- [PROBLEM TO WORK ON]:
What is needed here is an exact repetition of the records below, beginning at the line that has "Photo of Bedroom in Madison" and stopping after the line that has "2026 BMW 840i Gran Coupé".

►

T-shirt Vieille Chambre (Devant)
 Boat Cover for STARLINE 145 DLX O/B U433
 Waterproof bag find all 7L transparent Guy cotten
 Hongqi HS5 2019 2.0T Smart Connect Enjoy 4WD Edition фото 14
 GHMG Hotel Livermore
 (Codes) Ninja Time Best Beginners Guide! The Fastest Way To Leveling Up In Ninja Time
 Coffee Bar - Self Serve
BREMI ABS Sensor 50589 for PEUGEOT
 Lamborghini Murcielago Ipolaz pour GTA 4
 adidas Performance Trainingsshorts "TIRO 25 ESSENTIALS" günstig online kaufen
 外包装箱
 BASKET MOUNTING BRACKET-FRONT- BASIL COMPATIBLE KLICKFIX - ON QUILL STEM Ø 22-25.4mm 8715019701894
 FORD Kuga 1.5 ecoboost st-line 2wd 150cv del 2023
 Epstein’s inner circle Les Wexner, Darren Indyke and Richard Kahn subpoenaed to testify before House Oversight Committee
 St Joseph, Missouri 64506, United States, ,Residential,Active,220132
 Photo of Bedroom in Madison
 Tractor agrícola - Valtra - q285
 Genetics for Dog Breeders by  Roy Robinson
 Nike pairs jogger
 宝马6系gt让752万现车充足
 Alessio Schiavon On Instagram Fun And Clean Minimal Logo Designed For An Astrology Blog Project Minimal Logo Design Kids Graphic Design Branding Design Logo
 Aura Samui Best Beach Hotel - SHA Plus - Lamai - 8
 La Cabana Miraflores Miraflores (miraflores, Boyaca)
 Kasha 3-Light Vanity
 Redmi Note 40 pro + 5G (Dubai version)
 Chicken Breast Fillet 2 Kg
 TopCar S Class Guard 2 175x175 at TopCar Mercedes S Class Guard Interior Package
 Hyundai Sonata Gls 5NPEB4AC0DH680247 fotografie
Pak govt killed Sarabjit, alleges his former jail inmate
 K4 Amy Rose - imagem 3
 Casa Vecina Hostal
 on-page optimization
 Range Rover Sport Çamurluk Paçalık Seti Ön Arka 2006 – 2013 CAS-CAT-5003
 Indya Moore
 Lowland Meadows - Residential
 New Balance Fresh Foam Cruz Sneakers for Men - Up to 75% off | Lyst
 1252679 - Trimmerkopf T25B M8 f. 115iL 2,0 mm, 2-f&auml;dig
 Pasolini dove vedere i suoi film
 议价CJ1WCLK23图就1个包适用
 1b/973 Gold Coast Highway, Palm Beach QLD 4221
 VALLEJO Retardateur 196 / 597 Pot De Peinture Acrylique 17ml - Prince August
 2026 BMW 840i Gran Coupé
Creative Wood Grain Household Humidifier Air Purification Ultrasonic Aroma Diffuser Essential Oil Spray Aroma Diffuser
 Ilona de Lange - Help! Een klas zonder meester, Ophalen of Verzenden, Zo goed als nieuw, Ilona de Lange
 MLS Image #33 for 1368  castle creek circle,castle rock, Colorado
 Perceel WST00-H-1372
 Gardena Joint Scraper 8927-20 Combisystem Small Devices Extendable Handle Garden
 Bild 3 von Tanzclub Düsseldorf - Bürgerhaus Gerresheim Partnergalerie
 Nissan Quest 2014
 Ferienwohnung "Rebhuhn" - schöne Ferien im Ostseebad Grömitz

◄

- [EXERCISE ANSWER]:
 Photo of Bedroom in Madison
 Tractor agrícola - Valtra - q285
 Genetics for Dog Breeders by  Roy Robinson
 Nike pairs jogger
 宝马6系gt让752万现车充足
 Alessio Schiavon On Instagram Fun And Clean Minimal Logo Designed For An Astrology Blog Project Minimal Logo Design Kids Graphic Design Branding Design Logo
 Aura Samui Best Beach Hotel - SHA Plus - Lamai - 8
 La Cabana Miraflores Miraflores (miraflores, Boyaca)
 Kasha 3-Light Vanity
 Redmi Note 40 pro + 5G (Dubai version)
 Chicken Breast Fillet 2 Kg
 TopCar S Class Guard 2 175x175 at TopCar Mercedes S Class Guard Interior Package
 Hyundai Sonata Gls 5NPEB4AC0DH680247 fotografie
Pak govt killed Sarabjit, alleges his former jail inmate
 K4 Amy Rose - imagem 3
 Casa Vecina Hostal
 on-page optimization
 Range Rover Sport Çamurluk Paçalık Seti Ön Arka 2006 – 2013 CAS-CAT-5003
 Indya Moore
 Lowland Meadows - Residential
 New Balance Fresh Foam Cruz Sneakers for Men - Up to 75% off | Lyst
 1252679 - Trimmerkopf T25B M8 f. 115iL 2,0 mm, 2-f&auml;dig
 Pasolini dove vedere i suoi film
 议价CJ1WCLK23图就1个包适用
 1b/973 Gold Coast Highway, Palm Beach QLD 4221
 VALLEJO Retardateur 196 / 597 Pot De Peinture Acrylique 17ml - Prince August
 2026 BMW 840i Gran Coupé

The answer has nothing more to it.